In "Historical Perspective: The social determinants of disease – some roots of the movement," Professor S. Leonard (Len) Syme describes his professional activities as they related to the emergence of research on the social determinants of health within the field of epidemiology . He writes in some detail about his work at the U.S. National Institutes of Health (NIH) starting shortly after completing his doctorate in medical sociology through to about 1980, by which time he had been a professor at the School of Public Health of the University of California (UC), Berkeley for over a decade.
In this historical perspective, I want to highlight Len's contributions to the field of social epidemiology, with a particular focus on mentoring and training programs. I focus on training because of Len's enormous contribution as a teacher and mentor. Because there are so many of us who have benefited from Len's mentoring, I feel it was important to include other voices and have solicited reflections from colleagues, advisees, and other epidemiologists who are familiar with Len's scholarship.
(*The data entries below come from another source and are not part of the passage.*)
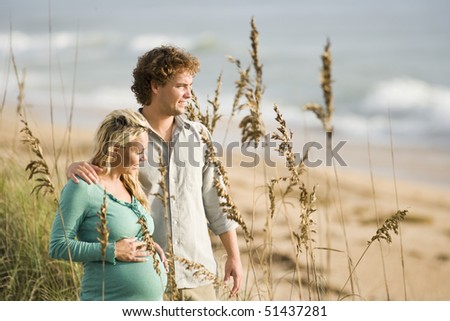 Happy young pregnant woman at beach with husband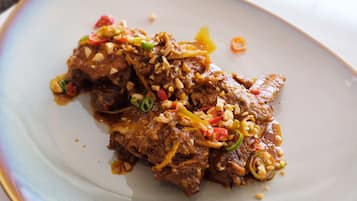 A plate of beef with vegetables and nuts.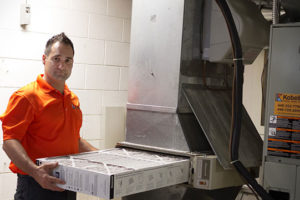 A Kobella technician replacing furnace filters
Social epidemiology is maturing as a discipline and there is more work to be done. I thought this essay would be a good place to reflect on some challenges that we face and what we might do to overcome them.
Research on social determinants – cultivating investigators
I frequently hear people marvel on what an impressive list of names marks Len's career as a professor, both in the quality of the work they are pursuing and the sheer quantity of people. Nancy Adler, professor of medical psychology at UC San Francisco and director of the MacArthur Research Network on Socioeconomic Status and Health, travels all around the U.S. attending meetings on the social determinants of health and health disparities. She told me, "Everywhere I go, when people go around the table to introduce themselves and say how they got there, there are always several people in the room who say, 'I'm here because Len Syme was my mentor.' Len is like the universal blood donor." (Nancy Adler, personal communication, March 8, 2005.)
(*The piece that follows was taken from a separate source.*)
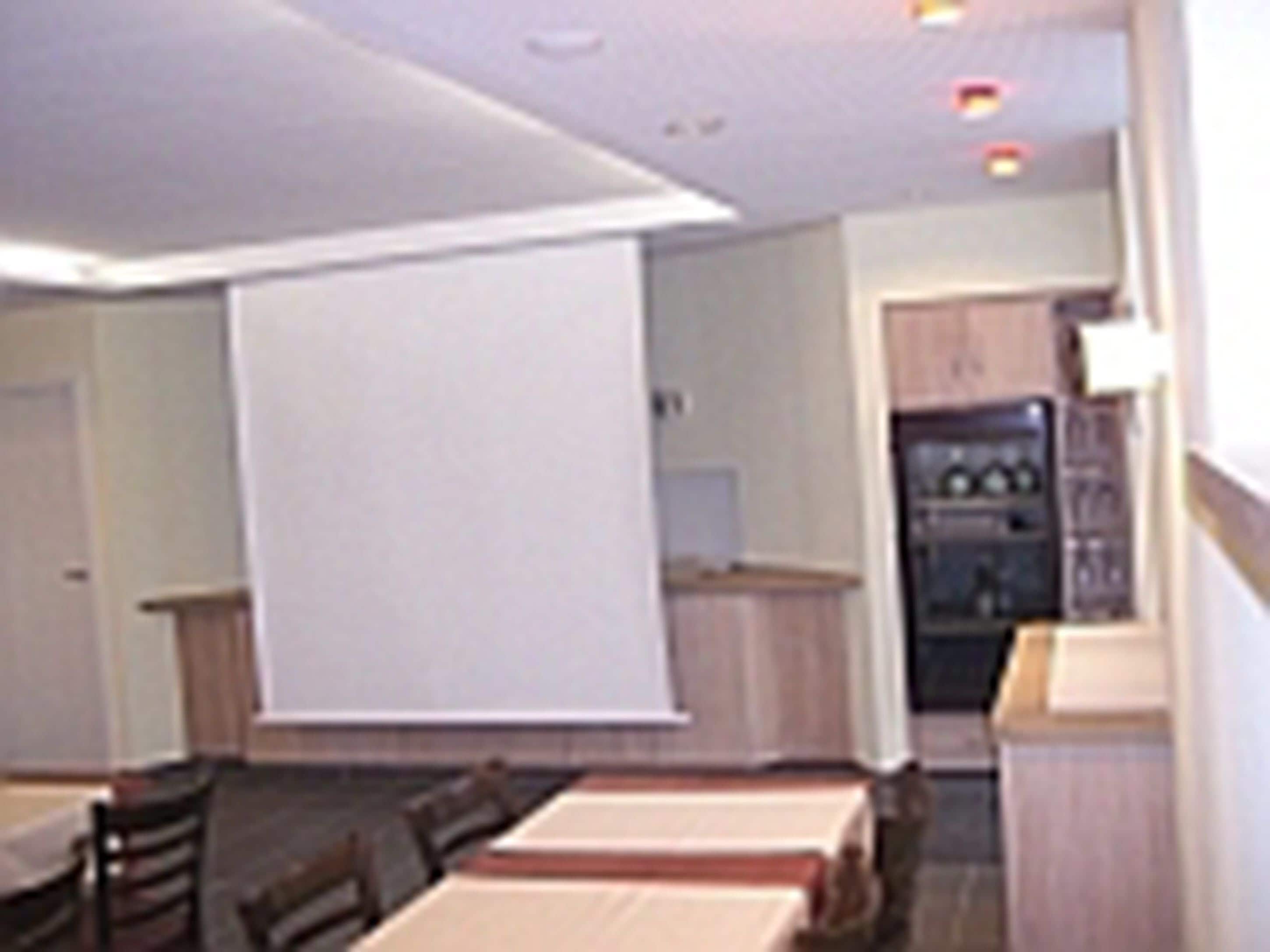 A room with a dining table, chairs, a projector screen, and a kitchenette in the background.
During the period of the primary focus of Len's essay (1968–1980), he advised Lisa Berkman (chair of the Department of Society, Human Development, and Health, Harvard School of Public Health), Robert Hiatt (Director of Population Sciences, UCSF Comprehensive Cancer Center), George Kaplan (Director, Center for Social Epidemiology and Population Health, University of Michigan), and Michael Marmot (Professor of Epidemiology, University College London and Chair of the World Health Organization Commission on the Social Determinants of Health) among others. Since 1980, he was the major thesis advisor to Jack Guralnik, Mary Haan, Nancy Krieger, John Lynch, Teresa Seeman, Marilyn Winkleby, and many others who are doing important work, though perhaps not in social epidemiology nor necessarily in an academic setting.
I met Len in 1988 when I entered the master's degree program in epidemiology and biostatistics at UC Berkeley School of Public Health. I was a member of the third class of students admitted for a two-year master's degree program. Prior to 1986, Berkeley had only offered a one-year master's degree curriculum in epidemiology for people who had prior graduate training, mostly medical doctors. For the two-year program, we were required to attend a core seminar. The core seminar gave us an overview of epidemiology as a discipline (including historical readings), key concepts, a chance to learn about individual faculty research emphasis, and a place for discussion. The faculty in charge rotated; our year, it was Len's turn. I completed the master's degree and took a job with the Centers for Disease Control and Prevention.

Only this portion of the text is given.